While Sprint’s shares traded lower on the news, there has not been a final declaration from either the DOJ or the FCC on the pending merger. Note that prior acquisition efforts to buy Sprint have been blocked on antitrust concerns, with the government effectively taking the stance that the wireless industry is better if consumers have four main choices rather than three.
According to reports from CNBC and Reuters, the DOJ’s antitrust division is recommending that the department file a lawsuit to block T-Mobile’s acquisition of Sprint. Citing “two sources familiar with the matter,” the DOJ is set to announce its final decision in about a month and that the final decision on merger approval now lies with political appointees at the department.
This would be a 180-degree reversal compared to what the investment community thought about the merger just 48 hours earlier. The FCC chair’s report on Monday indicated that an agreement in principle had been reached with Sprint and T-Mobile. Part of their agreement was to rapidly build a 5G network that would cover an overwhelming majority of American consumers, for the companies not to increase prices for three years and for the combined company to sell or divest Sprint’s prepaid Boost Mobile service.
The move from the FCC was seen as a boost for AT&T Inc. (NYSE: T) and Verizon Communications Inc. (NYSE: VZ) as well. To put this into plain terms: it would have meant that there were only three wireless carriers trying to gut their competition rather than four. That also would be at a time when the companies are trying to build out a 5G network and while they integrate other businesses with their tens of millions of wireless communications subscribers.
While the Communications Workers of America union does not have a final say in the Sprint acquisition by T-Mobile, the group immediately voiced concerns that the proposed merger remains anti-competitive, is harmful to American workers and should be blocked. The union’s statement predicted the loss of 30,000 U.S. jobs due to shuttering retail stores and due to consolidating functions at the headquarters level. The union further opined that T-Mobile has made vague and “loophole-ridden pledges” to maintain jobs for current T-Mobile and Sprint employees that would leave 88,000 jobs not covered.
Many downstream companies would face potential increases or decreases in their businesses if there were three major carriers rather than four. While the number of all-in subscribers would not change, the carriers might have more leverage over the companies that make the smartphones and own the cell and communications towers. That might even translate to an impact on companies that make components and software of phones, and it would mean more potential “big hits and bad misses” for the communications and infrastructure companies that supply all the guts that make up the national communications system.

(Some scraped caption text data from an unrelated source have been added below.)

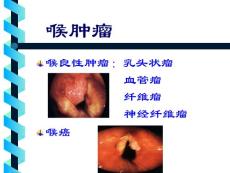 喉癌PPT课件
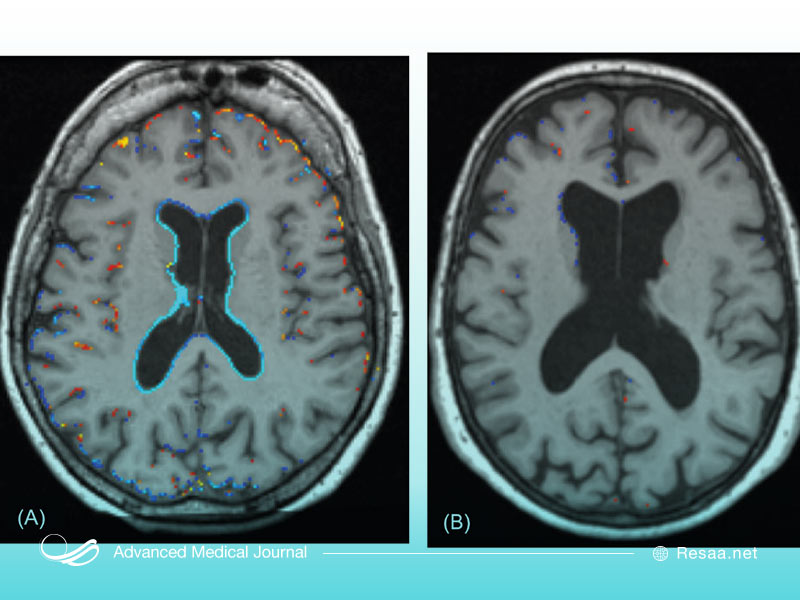 زوال عقل عروقی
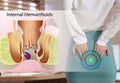 Young woman suffering from hemorrhoid pain in office. Illustration of unhealthy lower rectum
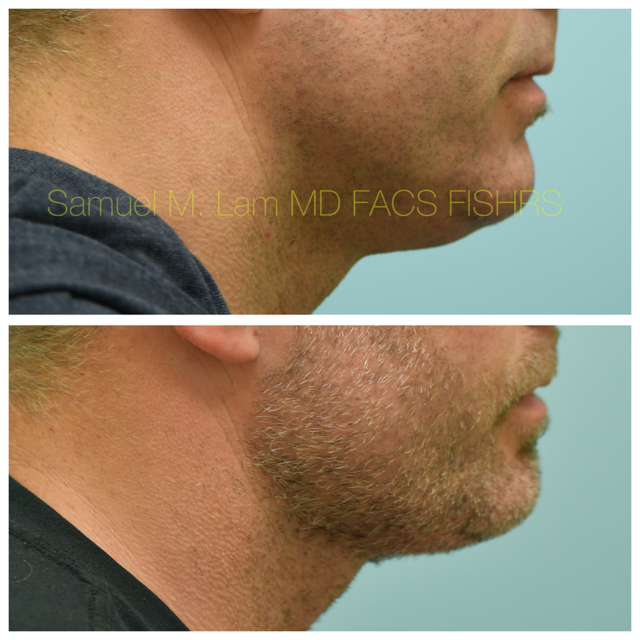 Facelift Before and After Photo by Dr. Lam in Plano, TX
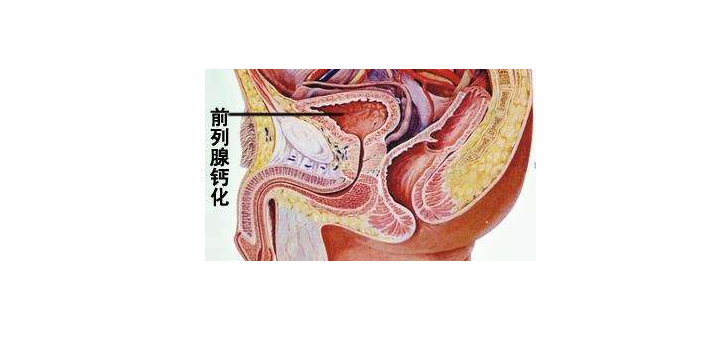 前列腺钙化图解图片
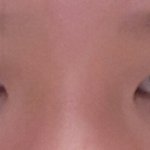 [드루와] 내일 쌍수한다 ㅆㅂ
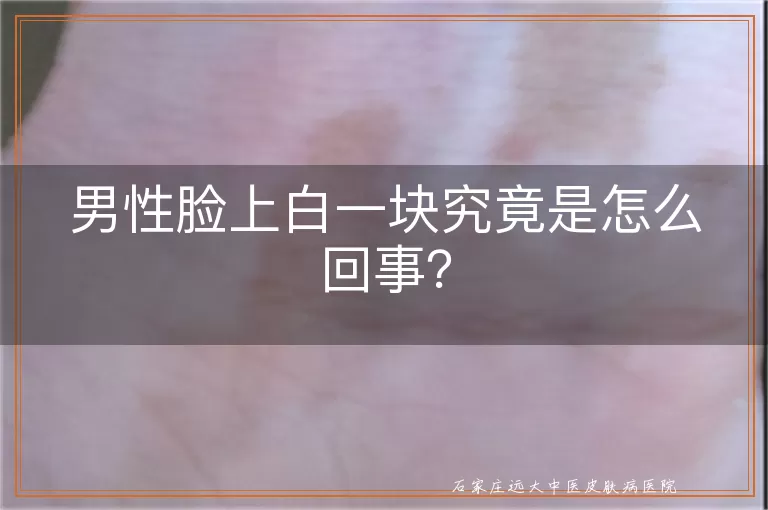 男性脸上白一块究竟是怎么回事？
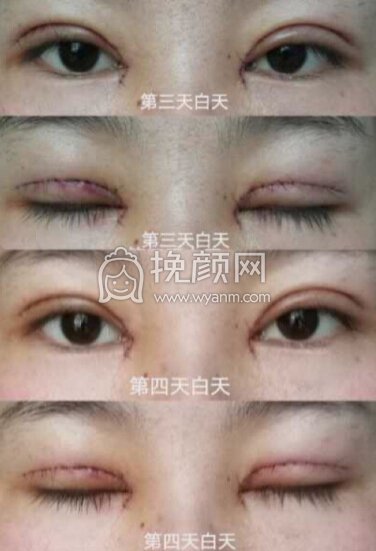 成都良好美妍的徐彬做的全切+内眼角+提肌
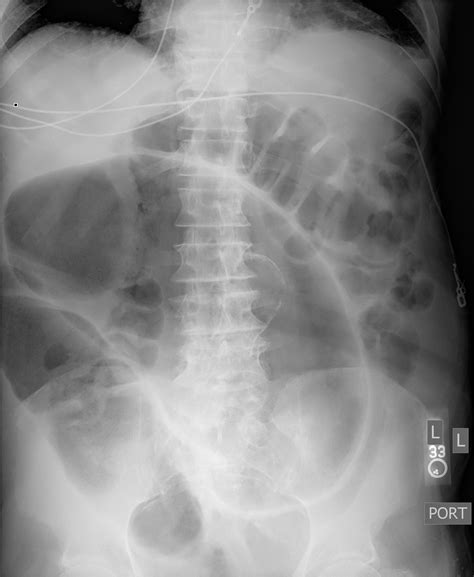 Coffee Bean Sign | Published in Journal of Brown Hospital Medicine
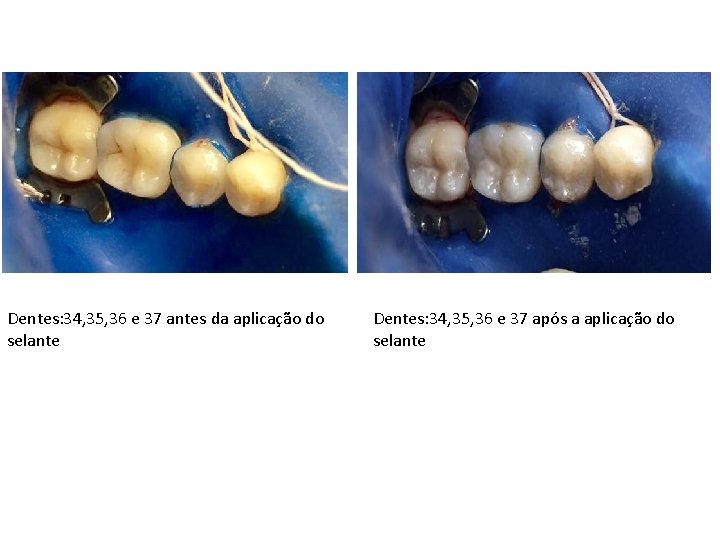 Dentes: 34, 35, 36 e 37 antes da aplicação do selante Dentes: 34, 35,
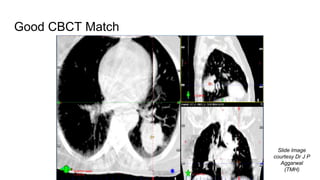 Good CBCT Match
Slide Image
courtesy Dr J P
Aggarwal
(TMH)
 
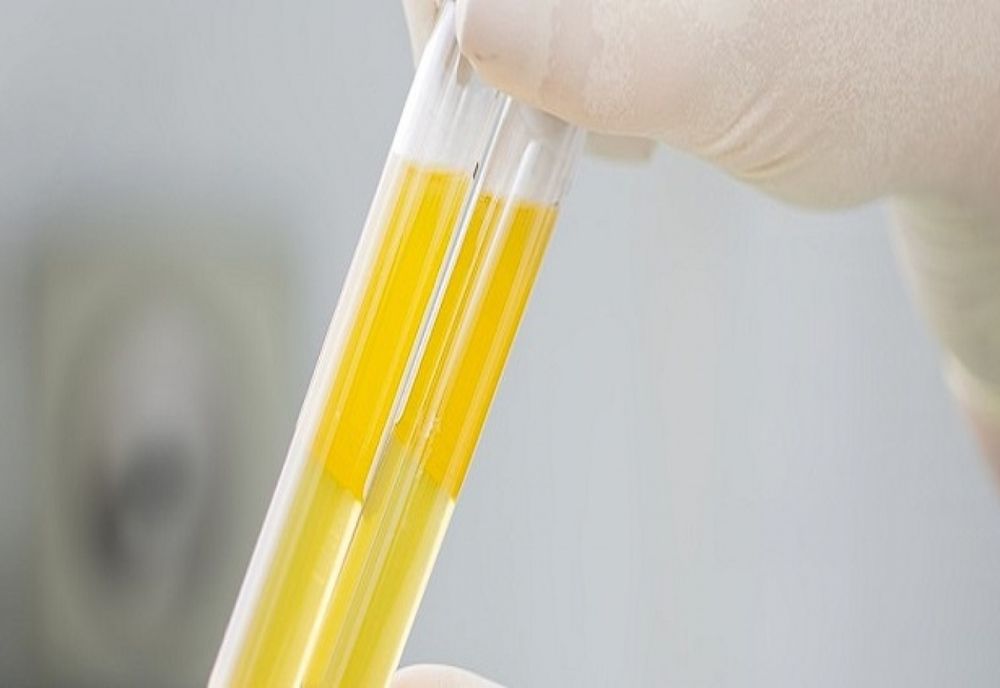 Spitalul Județean Sibiu face apel la pacienții vindecați de COVID-19 să doneze plasmă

While AT&T and Verizon saw their shares rise on Monday, the communications towers players were all lower on the news. And to prove the point that three main carriers would be worse than four in their underlying businesses, note that shares of Crown Castle International Corp. (NYSE: CCI), American Tower Corp. (NYSE: AMT) and SBAC Communications Corp. (NASDAQ: SBAC) all traded higher on Wednesday after the DOJ report broke. Verizon and AT&T shares were trading lower on Wednesday’s report as well.
This is one of those situations in which there are two sides of the story, and each side has more than a few points of justification to support the why or why not this merger should be allowed. While Sprint has posted positive operating earnings, there has been a long history of losses in net income. Sprint’s balance sheet is also complicated, with more than $43 billion in intangible assets and more than $35 billion in long-term debt outstanding. Sprint’s ownership stake by Softbank is also roughly 85%.
Sprint is the one that obviously has the most to gain and lose in this merger. Its shares were last seen down more than 5% at $6.83 on Wednesday morning, in a 52-week range of $5.09 to $7.90. Sprint’s share price was up almost 19% with a $7.34 closing price after Monday’s FCC announcement, and the trading volume was a whopping 166 million shares.